Have multiple application instances per server with each their own monitored server logs and multiple application servers. Every application instance have its own version information that should be tagged onto events from its server logs.

All server log events are currently parsed through central ingest pipelines per server log type in the ingesting nodes. Don't know if pipeline would be best to read such data through a DB lookup processor/plugin or it could be performed by filebeat locally per application server.

Currently there's just a single server-wide filebeat shipper per application server, ie. shipping data for all application instances on the server. Another solution could off course be to run a filebeat instance per application instance and then redeploy/start/stop this in parallel with the application instances and then simply deploy version info into env. vars.

Only this would add extra multiple systemd services... even we already have one per application instance...

Ideas appreciated, TIA!

leandrojmp · March 19, 2023, 1:06pm

Can you share an example of the data that you want to enrich?

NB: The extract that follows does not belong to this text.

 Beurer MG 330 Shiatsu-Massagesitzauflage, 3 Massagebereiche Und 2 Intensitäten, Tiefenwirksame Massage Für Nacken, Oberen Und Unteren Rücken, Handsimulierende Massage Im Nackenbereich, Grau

Since you mentioned that you are using ingest pipelines, you may use an enrich processor to enrich your data.

But depending on what you want to enrich and the frequency, sometimes just a simple set processor may work.

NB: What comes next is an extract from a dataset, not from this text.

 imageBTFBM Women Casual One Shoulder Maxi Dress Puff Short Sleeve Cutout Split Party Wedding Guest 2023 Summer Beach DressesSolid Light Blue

stefws · March 19, 2023, 2:55pm

@leandrojmp I simply want to add an extra field to events that holds the application version string, eg.

app.name: "<App Name>"
app.version: "X.Y.Z"

app.name I currently get from a component in log.file.path by a grok processor in the pipelines, but I would like to also get the app.version, which is stamped by deployment in a text file under the application instance 'home dir' above the server log dir.

leandrojmp · March 19, 2023, 3:14pm

So, the version would be in a file inside the application folder, right?

There is no easy way to do that, Filebeat does not have any enrich functionality, and the enrich processor in the ingest pipeline needs an index with data already populated with the information you want to enrich.

You may add a custom field using environment variables, but you would need to change the value of the variable and restart filebeat everytime there is a version update.

If you can, I would suggest that you add the version in the path and get it using a grok or dissect processor, the same you you get the app.name.

stefws · March 19, 2023, 3:24pm

@leandrojmp Yeah, also thought about adding version to the log file path, only not so nice for our application admins... until they have transferred completely watching/searching logs through kibana

Should it be possible to create an enrich index+processor and then having deployment maintaining the same version information in such (aka fast lookup DB) and then have the pipeline lookup and find current version based on a few incoming doc terms like: server+instance_id?

leandrojmp · March 19, 2023, 4:25pm

You can, this is what enrich processor basically do.

You need an source index, and with this source index you create an enric policy, this policy is then used in the enrich processor.

What you will need to do is find a way to update the source index when you have a new version, and you will also need to execut the enrich policy again since enrich policies does not have built-in way to update the enrich index automatically.

But enrich policy is based on matchs according to one field only, since you need to match both the server and instance id you would need to have a field with a composite of those values and use this field in your enrich policy.

Another option would be to create an extra ingest pipeline and call this pipeline to be executed using the pipeline processor in your main ingest pipeline.

In this extra ingest pipeline you would have as many set processors as you need to conditionally add the app.version field, something like this.

PUT _ingest/pipeline/set-app-versions
{
  "processors": [
    {
      "set": {
        "description": "set app version",
        "if": "ctx.app?.name == 'appName' and ctx.server?.name == 'serverName",
        "field": "app.version",
        "value": "X.Y.Z"
      }
    }
  ]
}

You could then automate the changes on this pipeline in your deploy to change the values and conditionals.

stefws · March 19, 2023, 4:42pm

Thanks, will dig futher into this path...

Sunile_Manjee · March 20, 2023, 3:52am

Ingest pipelines are the way to go. out of curiosity, would it be possible to use the script processor like this to fetch a value from another file

filebeat.inputs:
- type: log
  paths:
    - /path/.../file.log

processors:
  - script:
      lang: javascript
      inline: |
        const fs = require('fs');
        const content = fs.readFileSync('/path/to/lookup/file.txt', 'utf8');
        return { 'app.version': content.trim() };

stefws · March 20, 2023, 9:06pm

This might work, only very inefficient to open a file for every doc to index

Sunile_Manjee · March 21, 2023, 3:10am

yep that's correct. Not optimal at scale.

system · April 18, 2023, 5:10am

This topic was automatically closed 28 days after the last reply. New replies are no longer allowed.